Jaskier leaned past him, and plucked a single flower from the edge of the bowl, and stripped its petals off with efficient speed, dropping them into a little leather bag and tying it tightly shut. “There,” Jaskier said, voice flat, “Got it. Where’s the campsite.” 

And, that easy, it was done. All five ingredients, collected, and managed with a full day to spare. The new moon was tomorrow night, and in the morning they could rest, and nurse their wounds, any that remained, or go back down the mountain, to civilization, so Jaskier could leave him as quickly as he needed to, after they’d mixed and quaffed it and were returned to their usual selves. Geralt would go back to that village, alone, and take their contract. Once it was done, he would travel on south, and it would probably be months before he’d cross paths with Jaskier again, or longer, if Jaskier avoided him, after this, and that was… he was a Witcher, and that was the way of his life. It was fine. 

Geralt led them a little way around the rim, to where the campsite had been promised, and there it was: a little dug firepit, a nice patch of ground, and a buried cache of stores marked with Witcher-sign nearby. They made camp in silence. The silence wasn’t easy, but the motions were practised, automatic. Roach wandered off to eat a couple of the rare and precious flowers, so at least someone was enjoying them. Geralt didn’t like the monotony of building up a fire; he preferred to be moving, so he bustled around with the other necessary chores. He laid out their two separate bedrolls, and set up the snares, and strode a little ways away to set the signs of warding. He was tired, again, in both body and mind, with the effort of it. The sun was starting to dip below the mountains, so they could sleep, soon, and he wouldn’t have to be conscious to worry any more. 

But then he turned back to the camp, and the last rays of sunset caught Jaskier, lining him in gold. Jaskier, who was building up a careful scaffold of tinder and kindling, Jaskier, who had collected enough fuel to easily get them through the night. And it wasn’t that sight, exactly, as much as it was the realization: that Jaskier always did this, even though his usual hands had entirely the wrong callouses for dragging and breaking down branches to a manageable size. Because he knew that Geralt didn’t want to, that Geralt preferred the other necessary tasks of making camp, even though Geralt had never once in memory said any of that out loud. 
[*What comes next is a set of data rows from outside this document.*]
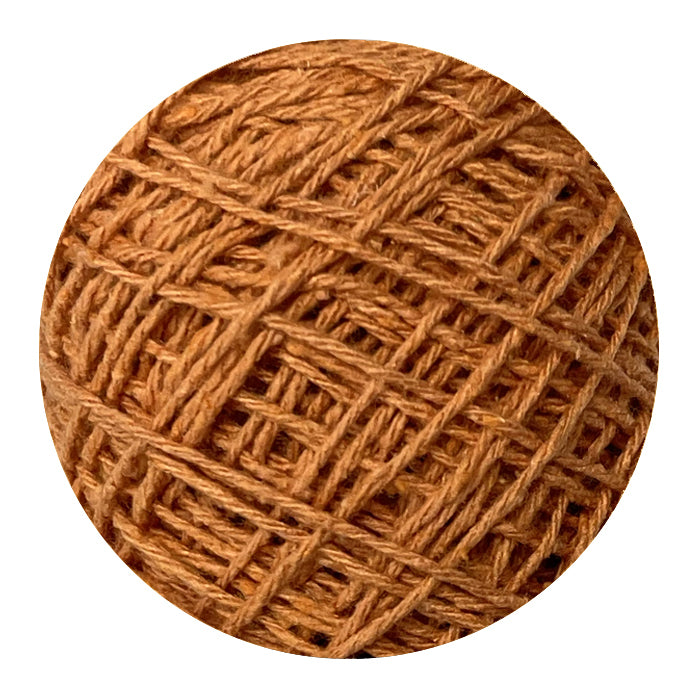 Speck by The Loom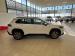 Toyota Corolla Cross 1.8 XR - Thumbnail 3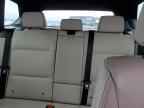 2013 BMW X3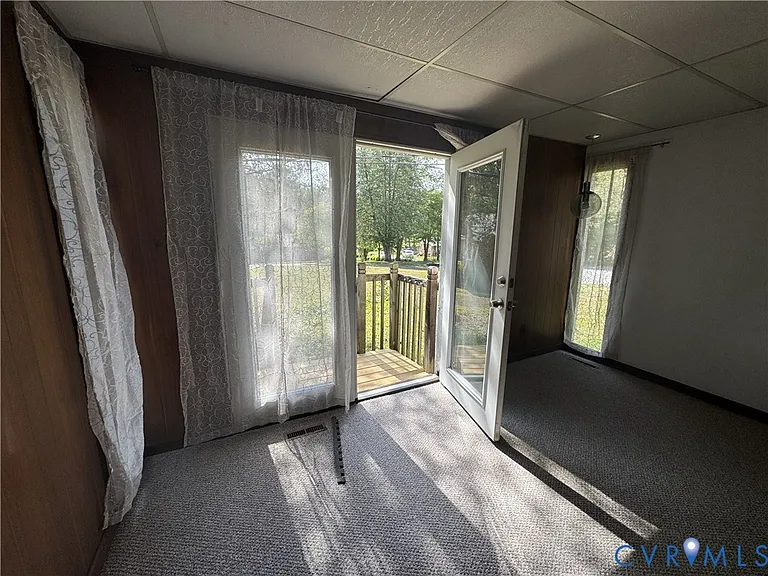 10309 Wycliff Rd — Photo 12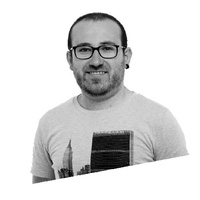 xdz4_arg/xdz4_arg/xdz4_arg/xdz4_arg_000795/xdz4_arg_000795_080_unai mendizabal.jpg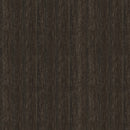 Altyno[Grace Wood] Realistic texture and abundant patterns Wood grain 83 colors (VG~) 1,220mm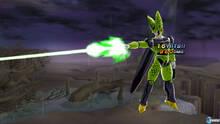 Imagen 21 de Dragon Ball Z Budokai HD Collection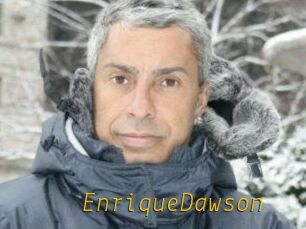 Enrique_Dawson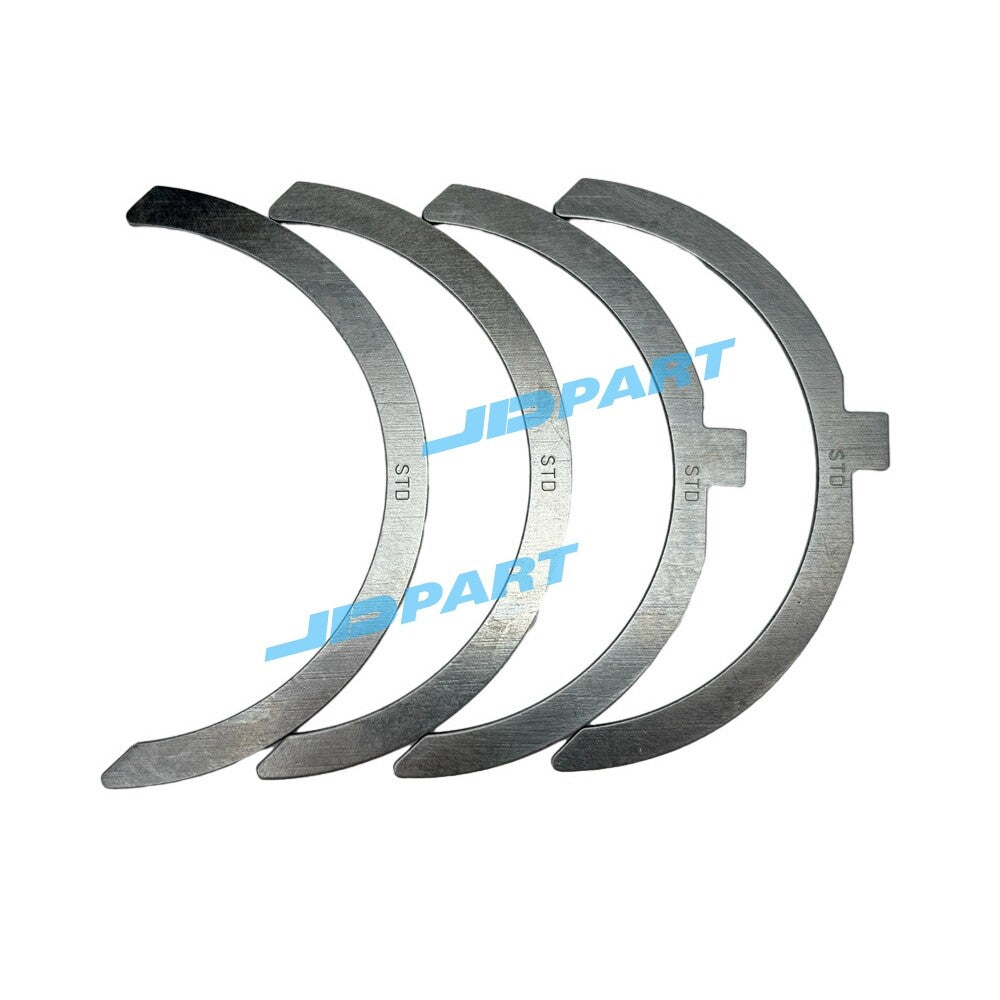 12Z engine spare parts for washing machines -
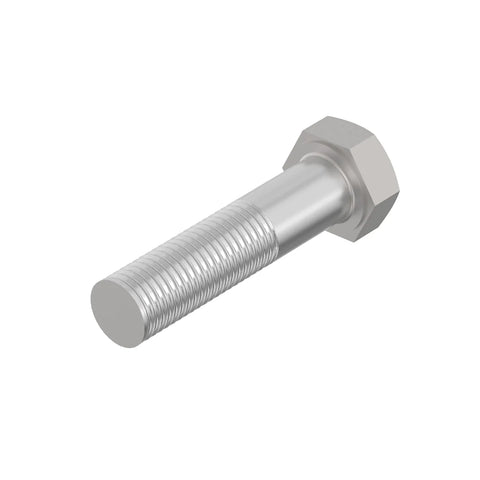 19M7182 Zeskantbout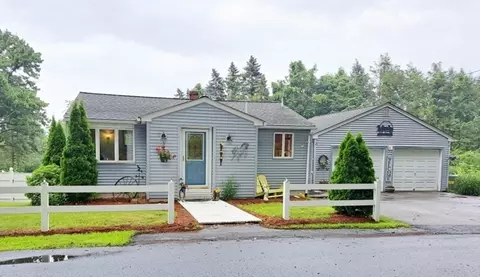 14 Marble Rd, Sutton, MA 01590 photo 2
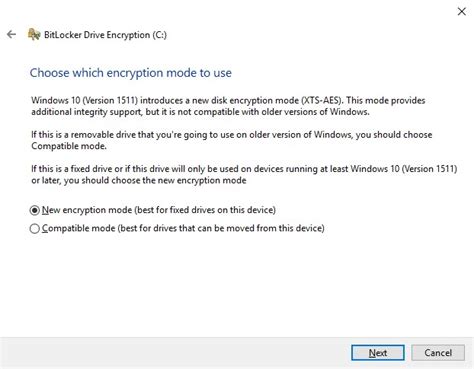 Image result for How to Enable BitLocker Check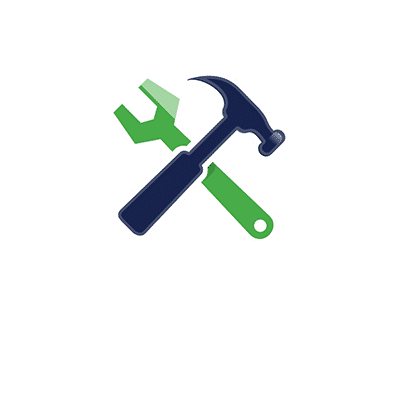 Create Icon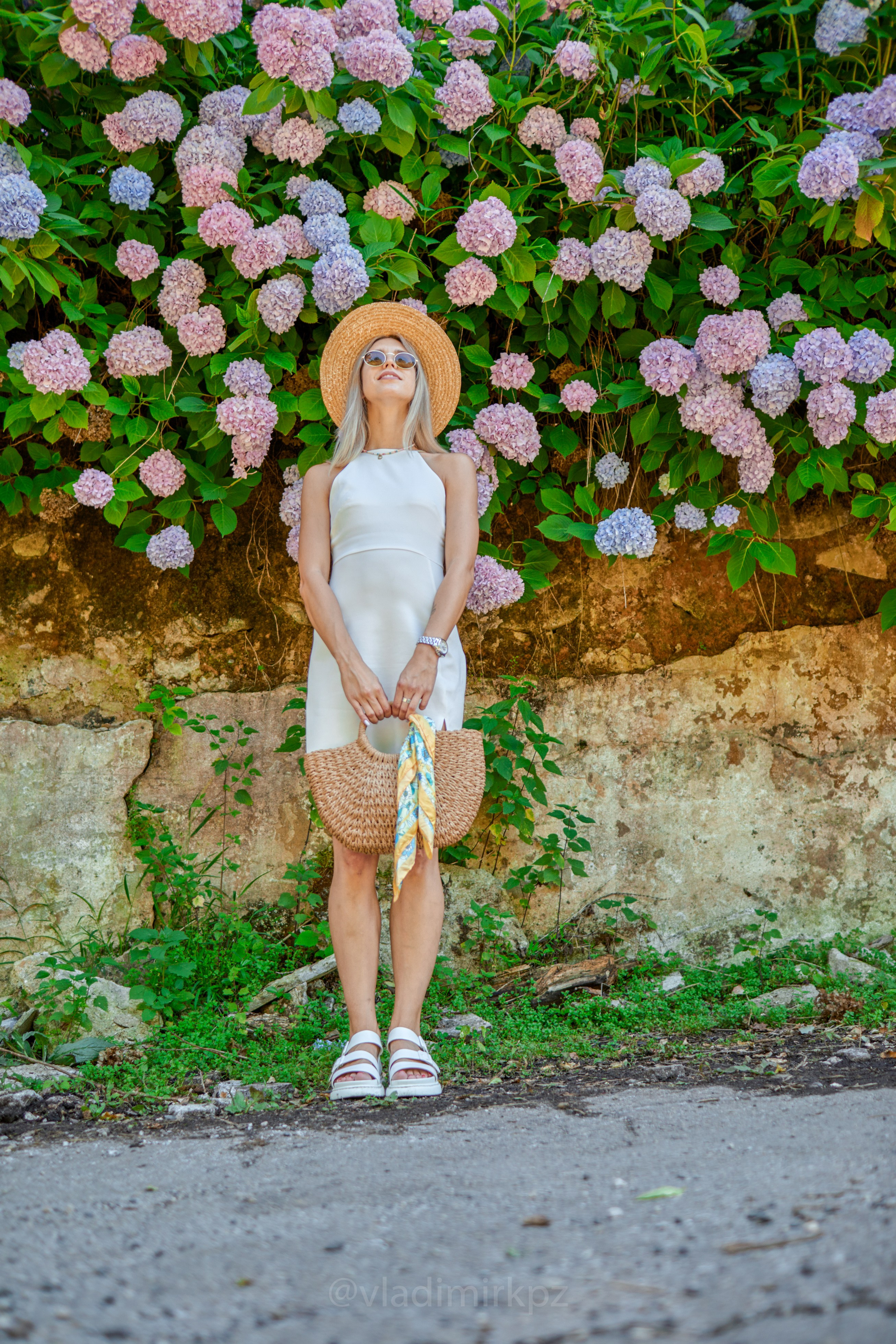 Пртретная фотосъемка в абхазии. Фотограф Абхазия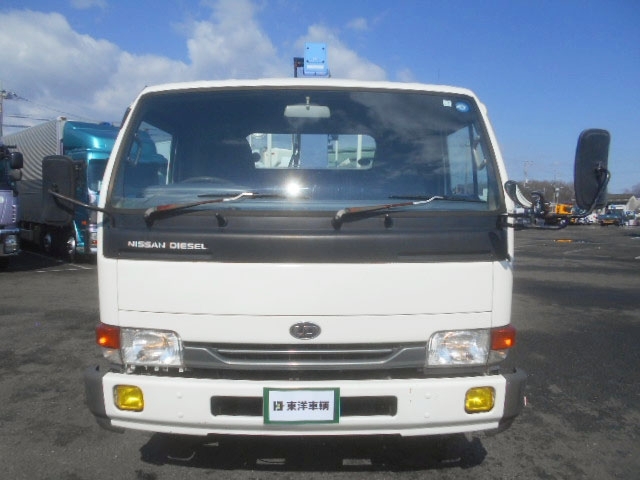 車両詳細画像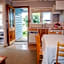 The Gables B&B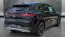 2024 Mercedes EQE SUV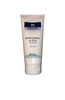 DermaSpa Benzoyl Peroxide 5% Wash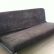 Couch Bed Ikea Charming On Other Pertaining To 49 Kids Sofa Hack With Secret Room 2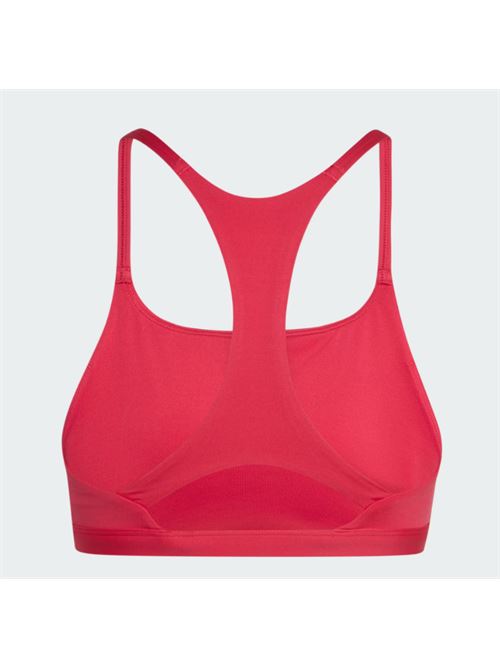 opt ess ls bra ADIDAS | KS8534POWPNK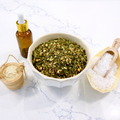 RID - Foot Soak Tea Bags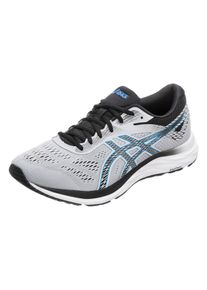 asics, Herren Laufschuh 'Gel-Excite 6', Blau / Grau
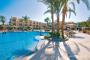 Hotel Grand Plaza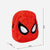 Schulrucksack Spider-Man 18 x 22 x 8 cm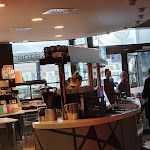 Photo n°11 de l'avis de Alex.e fait le 08/03/2023 à 14:58 sur le  Casa Italia à Berlin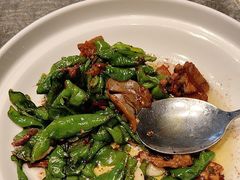 -渔舟意·湖南家宴(萝岗纳金城店)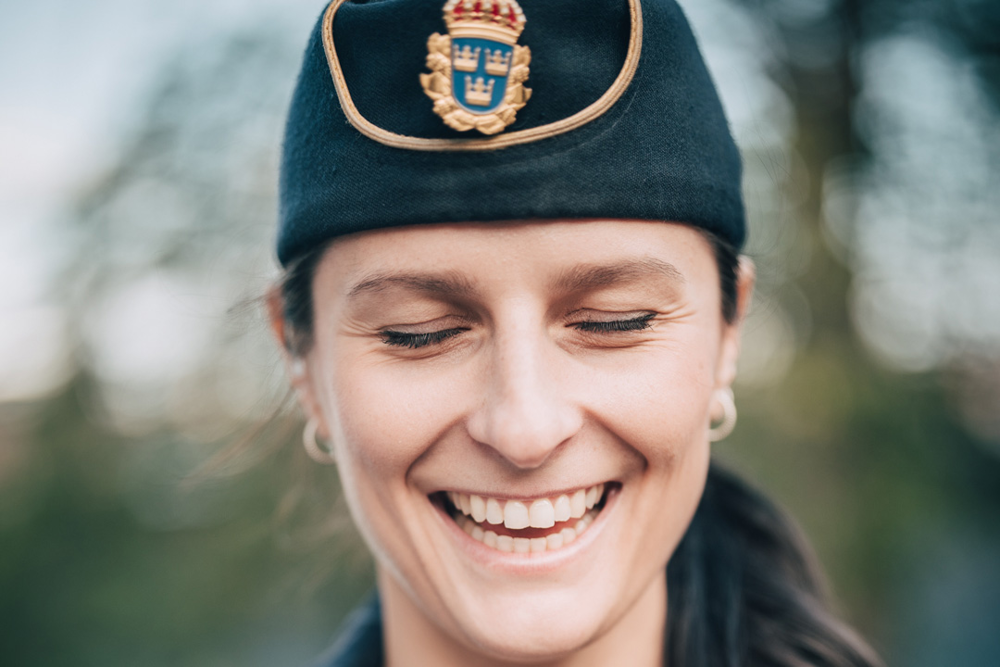 Bild på Dardi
And all in a rush, he realized how very many things Jaskier did for him, and how much work and trouble and care they took, even though they were difficult, and he was only human, and small, measured against the harsh vast wildness of the Path. The restocked cheroot, when he had forgotten, and without Geralt’s years upon years of practice recognizing herbs, and when Jaskier wasn’t even the one for whom it might do any good. The easy way he took over Geralt’s negotiation, so they could stay in towns a little longer. The hand on his arm, grounding him; the oiled swords; the softness with which he talked to Roach. The baths, and the hair-washing. The hitch in his voice when he’d said— you can’t just fucking die and leave me. How he’d been heading south, three long and stretched-out days ago, how he’d known that’s where Geralt would be, this time of year. The look on his face, back on the stairs in the tavern, and the way he’d held him close that night. And those songs— the ballads, all that pent-up longing and metaphor that was barely hidden, wasn’t actually veiled at all, it was only that Geralt hadn’t dared to believe. 

“What,” said Jaskier, shining in the fading rays of the sun. “Why are you staring, Geralt? Have I got something on your face?” 

And that was absurd, and endearing, and very Jaskier. Geralt saw it all laid open, bare, and his own fragile heart broke wide open, too. But he couldn’t possibly tell Jaskier everything he was feeling, didn’t even know where to begin, so instead, he asked, quietly, “Is that what I look like, to you?” 

And Jaskier could read him perfectly, even like this, with everything they knew reversed. Jaskier, in a foreign body, hampered by senses he couldn't properly use and burdened by the weight of swords that he couldn’t properly wield, whatever he said about fencing — Jaskier still saw him with bright and terrible clarity, read between the lines and understood what Geralt really meant, which was: What am I, to you?  

“Oh, you great fool,” said Jaskier, soft and low. “Don't you know ?” 

The question was gentle, and it made his voice sound almost like Jaskier's, and in that moment Geralt missed hearing it, horribly, achingly, with all his body and spirit and soul.

“But you’re like that with everyone,” said Geralt, confused. 

Jaskier made that face again, the same one from the tavern, when he’d put a hand on Geralt’s back, and in the fight, when he thought he’d gotten hurt. Geralt walked back towards him, right up to the edge of the campsite, between the barren mountaintop trees, so he could get close enough to see it properly. But he still wasn’t sure, exactly, so he did his best to explain: that Jaskier always smelled, a little bit, of longing, that it was so pervasive it was just part of his background personhood. And that he would leave, for a while, with one partner or another, and come back smelling of— oxytocin, of warmth and comfort. So whatever was missing, whatever he needed, he was finding it somewhere else. 

“Geralt,” said Jaskier, aiming for patience and quickly sliding into outrage, “you can’t possibly— it’s only— you’re the one sensing that, Geralt. There’s no such thing as an invisible observer! By the time you see me, by the time you can smell me, which, by the way, creepy— I know I’m coming back. To you. So yes, you idiot, you think I’m always like that, because, in fact, I am always like that around you. ” 

“Oh,” said Geralt, and then, again: “oh.”

They were standing very close together. Geralt raised a hand to Jaskier’s jawline, to try and tilt his head down, to better understand the look in his eyes. “Is this narcissism?” he asked, almost absently, and Jaskier laughed. The note of it resonated down his arm and into his very bones. 

“Well,” said Jaskier, “I would never claim I don’t think highly of myself, you’d know in a second I was lying, apparently, anyway. But, no, Geralt, I want you any way I can have you, and if this is the only option, I’ll still take it. I ought to calibrate how deep of a heartbreak I should prepare to feel, after, though, for the song if nothing else, so: is it only the fond familiarity of your own dear face? Is that what this is for you?”

“No,” said Geralt. “I want—” but then he trailed off, because the sentiment was so large, and terrifying, that he couldn’t possibly contain it in a word. 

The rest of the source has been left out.